In 2002, a group of buyout pros drove out to the Hamptons. In their trunk was the body of Gordon Gekko, and every available copy of Barbarians at the Gate. They buried Gekko, burned the books and returned to Manhattan. They then told everyone that buyout firms now do deals in partnership with company management, and that hostile bids were from a bygone era. Kinder and gentler LBOs.
That’s all well and good when credit is flowing, because friendly offers usually come at inflated valuations. But things change on the cusp of a recession, when companies opt to wait out the deflated buying season until their valuation again equals underlying assets plus optimistic upside.

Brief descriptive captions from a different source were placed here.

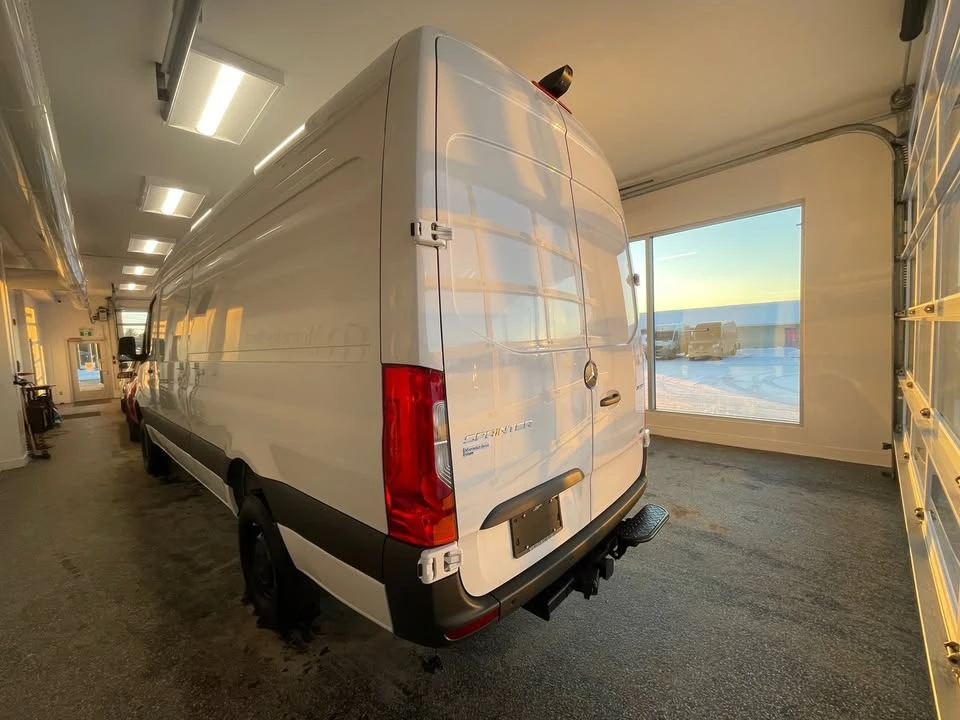 2026 Mercedes-Benz VS30 Sprinter - Image 6 of 17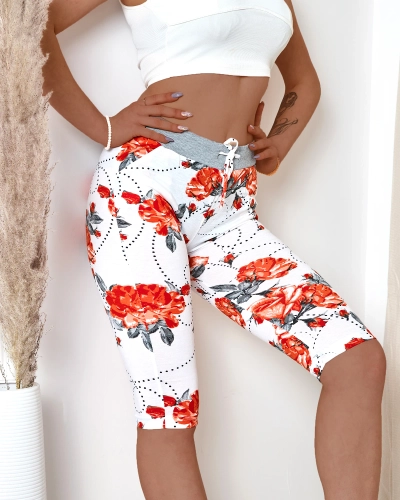 Pantaloni scurti de damă, lungi 3/4, florali, în alb și roșu MĂRIME PLUS - Îmbrăcăminte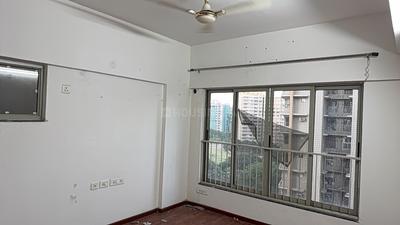Bedroom Image of 1080 Sq.ft 2 BHK Apartment / Flat for rent in Adani The Meadows, Shantigram Ahmedabad for Rs. 24000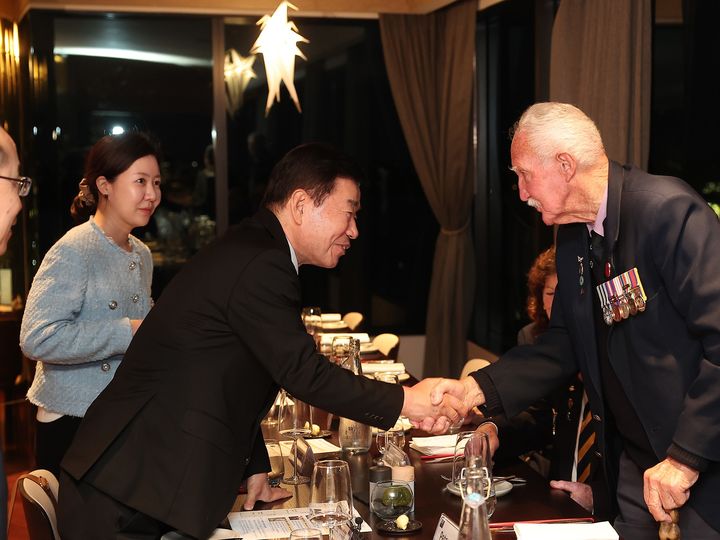 [서울=뉴시스] 뉴질랜드를 공식 방문 중인 김진표 의장이 26일(현지시간) 한국전 참전용사 초청 간담회를 통해 "참전용사들의 헌신이 헛되지 않도록 우방국 뉴질랜드와 세계 평화를 위해 노력할 것"이라고 밝혔다. *재판매 및 DB 금지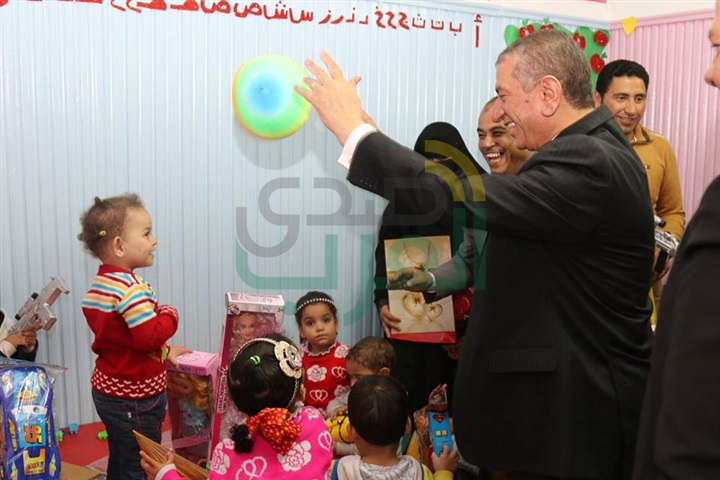 بالصور..محافظ كفر الشيخ يوزع الهدايا علي الأطفال إحتفالًا بيوم اليتيم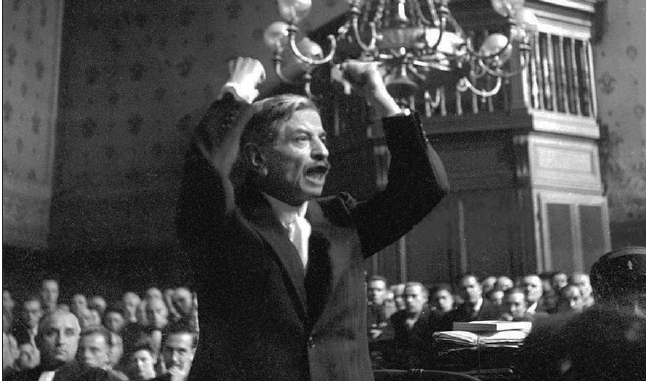 Pierre Laval si difende al processo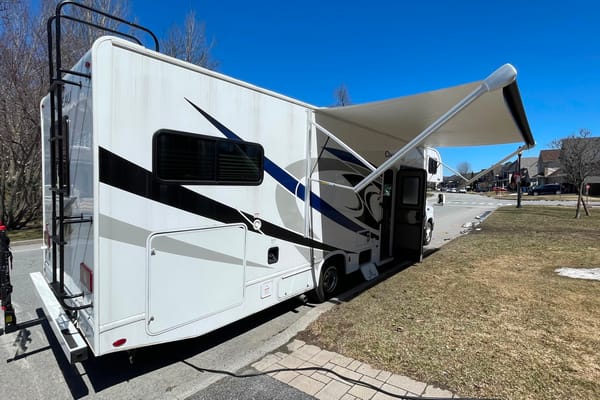 🚐 VR FAMILIAL 32 pieds Full autonome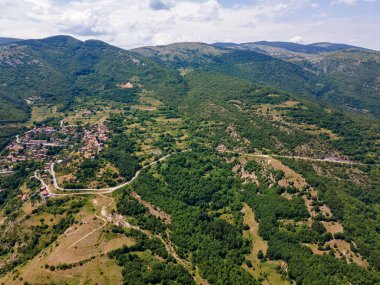 Bulgaristan 'ın Filibe Bölgesi' ndeki Oreshets Köyü yakınlarındaki Rodop Dağları 'nın hava manzarası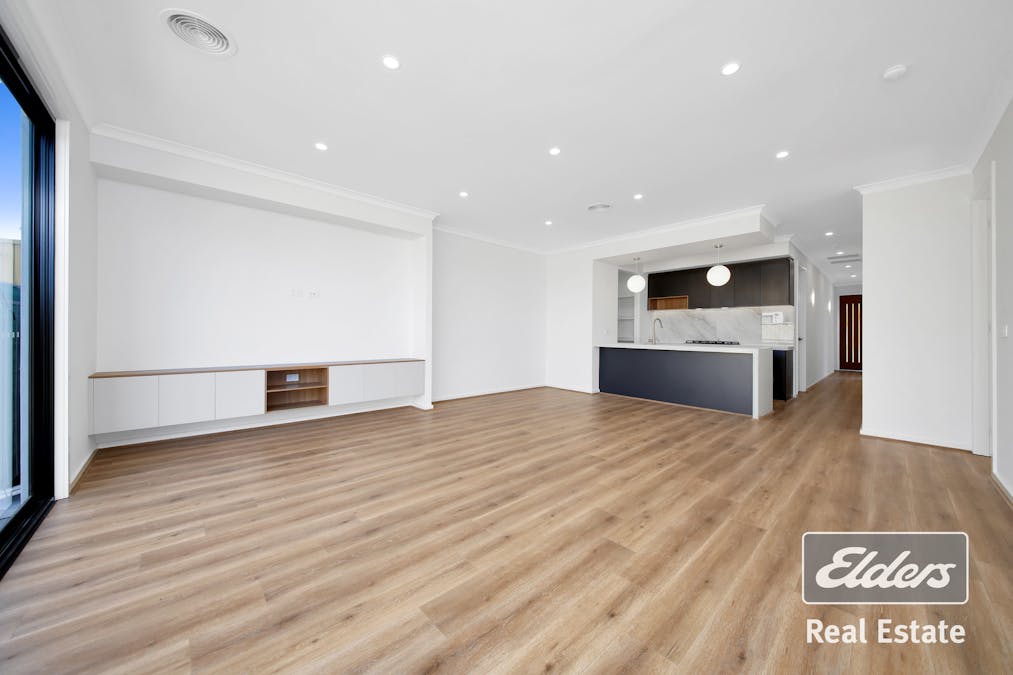 82 Rambler Boulevard, Tarneit, VIC, 3029 - Image 2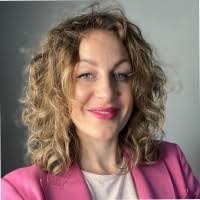 Anna Sass's Instagram, Twitter & Facebook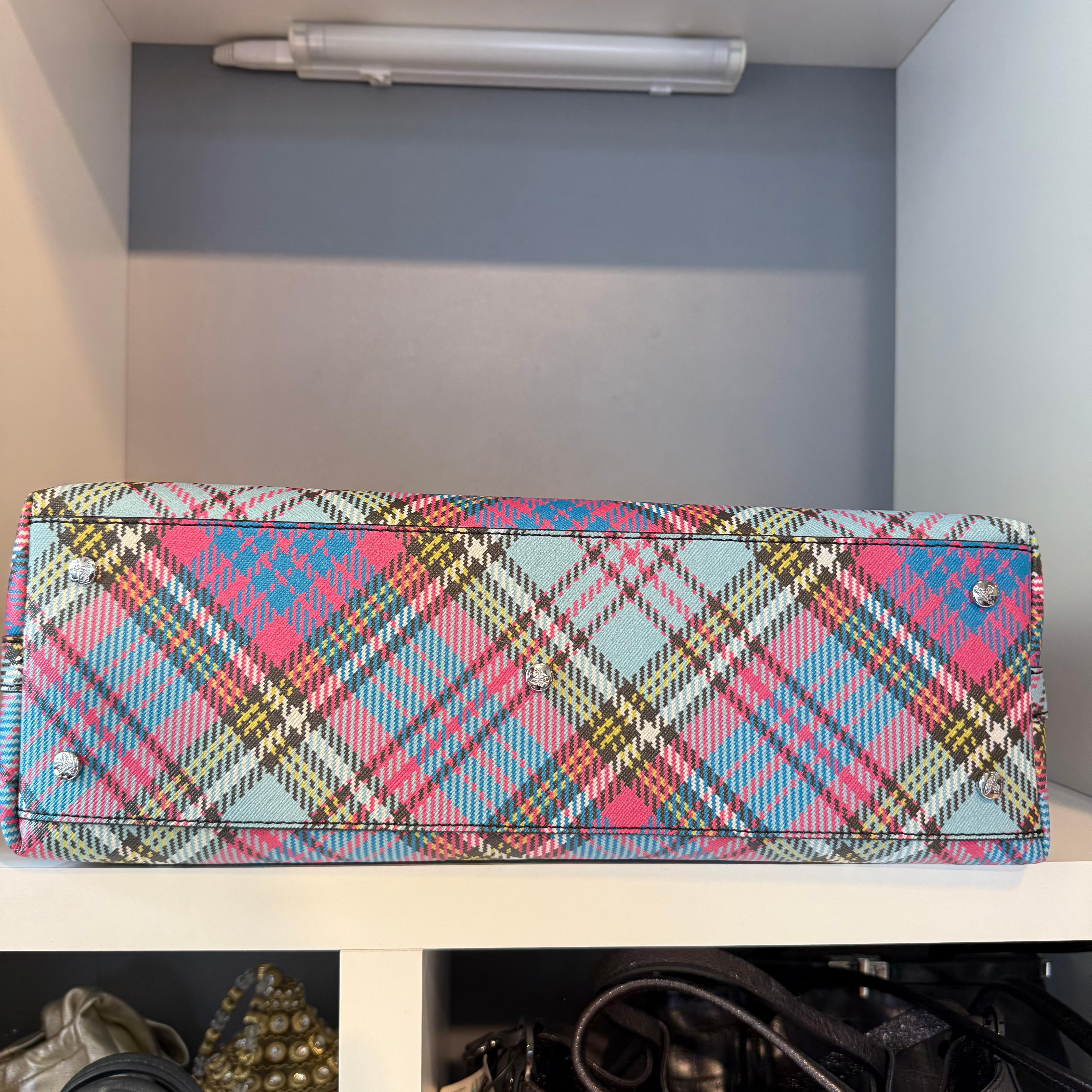Vivienne Westwood Tartan Tragetasche mit Kordelzug im Angebot 1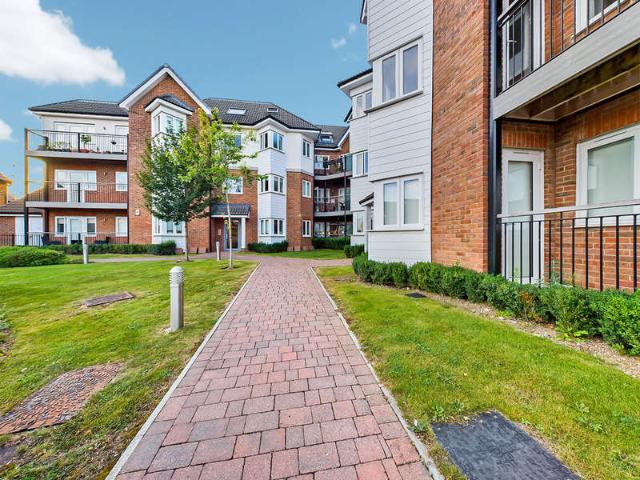 Apartment for sale in New Town, Horsham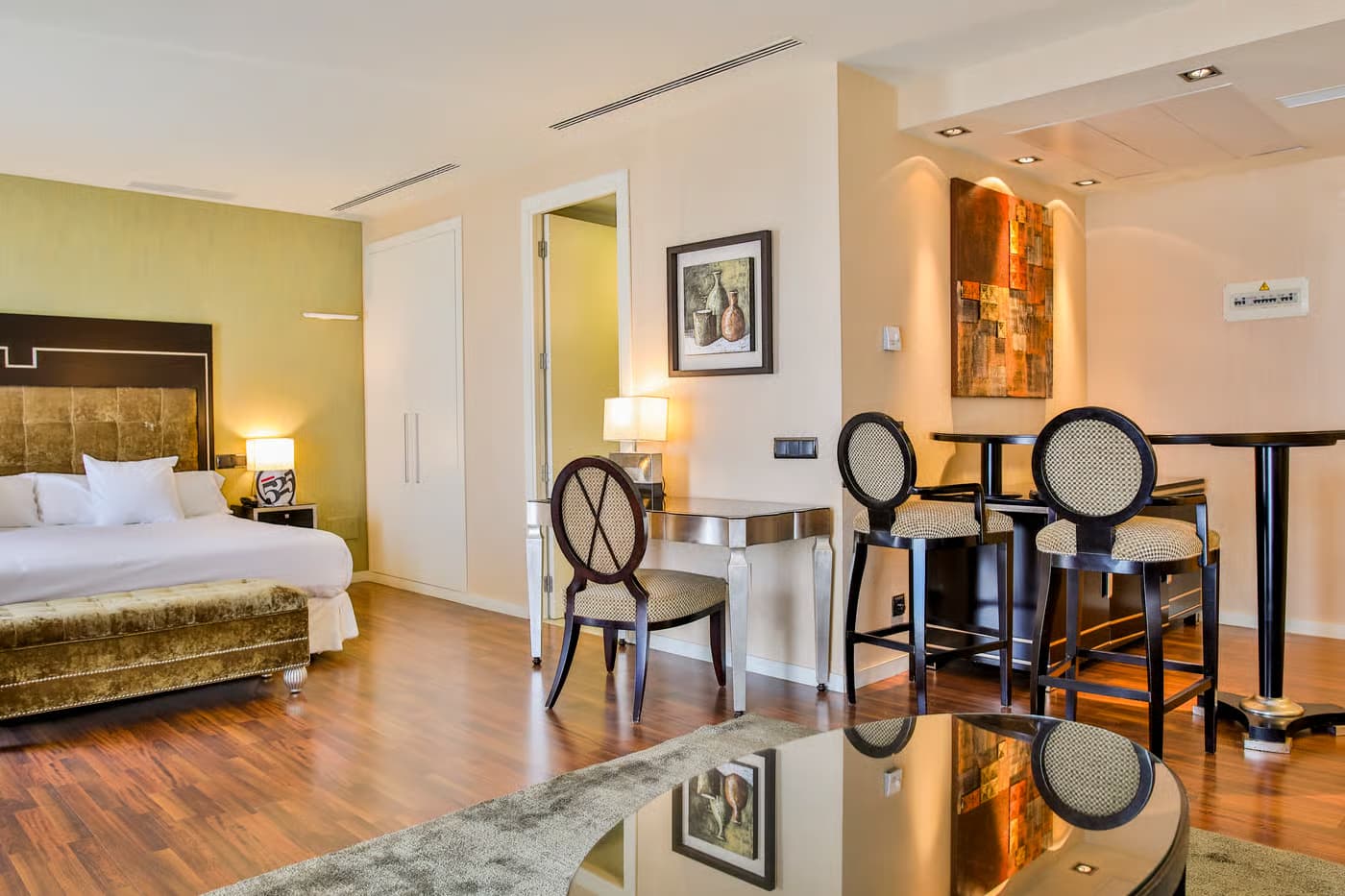 Spacious double bed suite at Hotel 525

It’s that latter situation we’re in today, and some buyout pros say to expect a flurry of hostile bids. They’ll technically be called unsolicited bids, but that’s really just the semantic difference between junk bonds and high-yield bonds.
One of the first such attempts came today, when TPG and Sumitomo offered to buy Axcelis Technologies, which makes ion implantation devices for chip makers. The $544 million bid values Axcelis at $5.20 per share, which is a 29% premium to Friday’s closing price, but still about 10% shy of its average closing price over the past year. In other words, TPG and Sumitomo are bargain shopping, and Axcelis’ initial response did not seem too appreciative.
No one deal is determinative of another, but we’ll keep an eye on Axcelis to see what happens. Private equity firms will ultimately choose ROI over PR if put in a corner, which means that it might be time to dig up the past.